* THE TASK *
Everything in the data below is left aside except the lines from the one containing "A model wearing" through the one containing "Černý sametový crop"; repeat those exactly.

* EXERCISE DATA *

* * * * * * *

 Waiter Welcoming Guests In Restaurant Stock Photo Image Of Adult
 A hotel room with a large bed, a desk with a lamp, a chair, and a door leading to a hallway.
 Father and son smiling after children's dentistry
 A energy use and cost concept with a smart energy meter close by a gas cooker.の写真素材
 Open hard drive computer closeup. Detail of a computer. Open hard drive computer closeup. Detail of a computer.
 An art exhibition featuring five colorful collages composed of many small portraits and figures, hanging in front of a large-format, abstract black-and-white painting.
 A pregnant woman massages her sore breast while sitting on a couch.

* * * * * * *

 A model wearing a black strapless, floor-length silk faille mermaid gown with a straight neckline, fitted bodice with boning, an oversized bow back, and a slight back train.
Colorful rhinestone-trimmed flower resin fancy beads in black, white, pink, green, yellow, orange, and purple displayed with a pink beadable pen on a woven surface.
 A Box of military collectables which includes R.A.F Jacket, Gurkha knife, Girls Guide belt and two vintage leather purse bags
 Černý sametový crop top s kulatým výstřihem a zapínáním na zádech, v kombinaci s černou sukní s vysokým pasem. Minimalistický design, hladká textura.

* * * * * * *

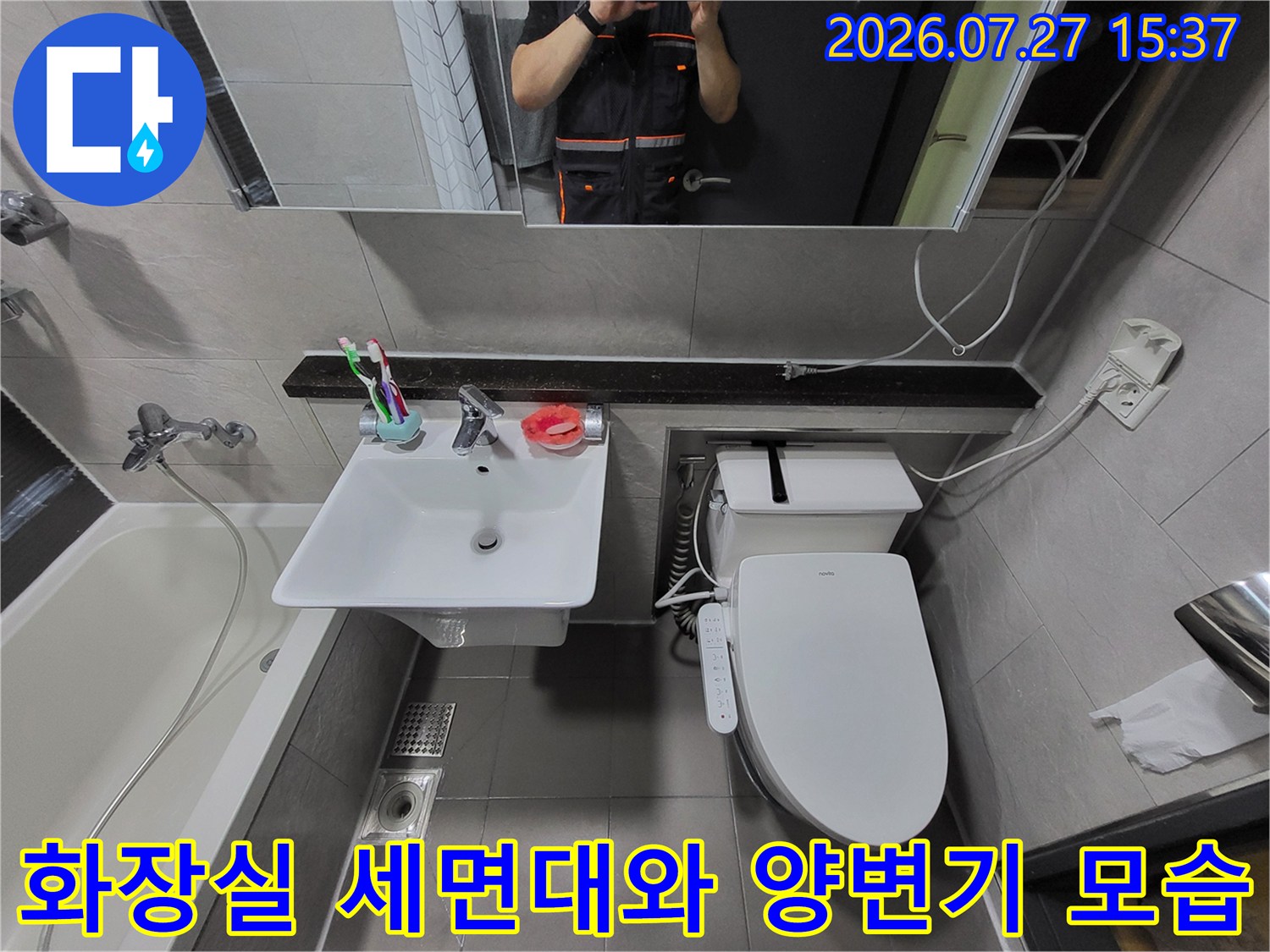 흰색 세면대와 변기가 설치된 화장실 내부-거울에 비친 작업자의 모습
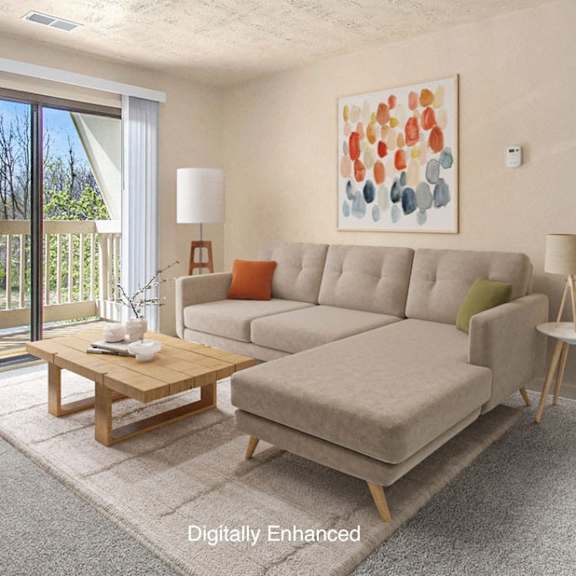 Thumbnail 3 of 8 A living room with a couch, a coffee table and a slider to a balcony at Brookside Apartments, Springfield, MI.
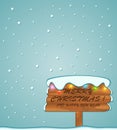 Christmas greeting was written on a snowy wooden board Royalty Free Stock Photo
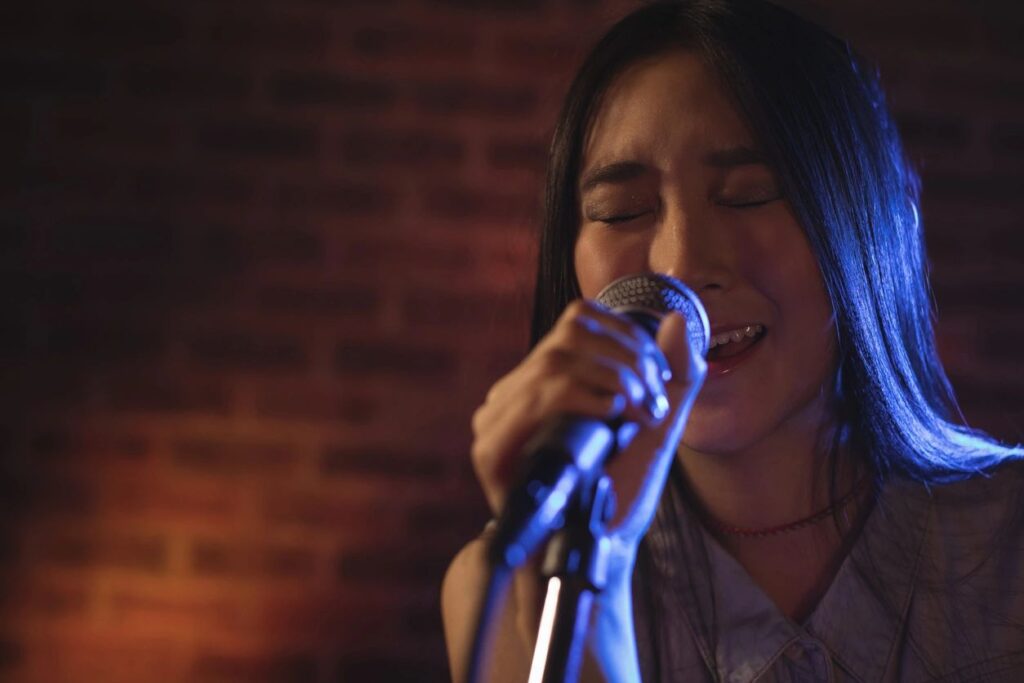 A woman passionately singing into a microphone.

* * * * * * *

* RESPONSE TO THE TASK *
 A model wearing a black strapless, floor-length silk faille mermaid gown with a straight neckline, fitted bodice with boning, an oversized bow back, and a slight back train.
Colorful rhinestone-trimmed flower resin fancy beads in black, white, pink, green, yellow, orange, and purple displayed with a pink beadable pen on a woven surface.
 A Box of military collectables which includes R.A.F Jacket, Gurkha knife, Girls Guide belt and two vintage leather purse bags
 Černý sametový crop top s kulatým výstřihem a zapínáním na zádech, v kombinaci s černou sukní s vysokým pasem. Minimalistický design, hladká textura.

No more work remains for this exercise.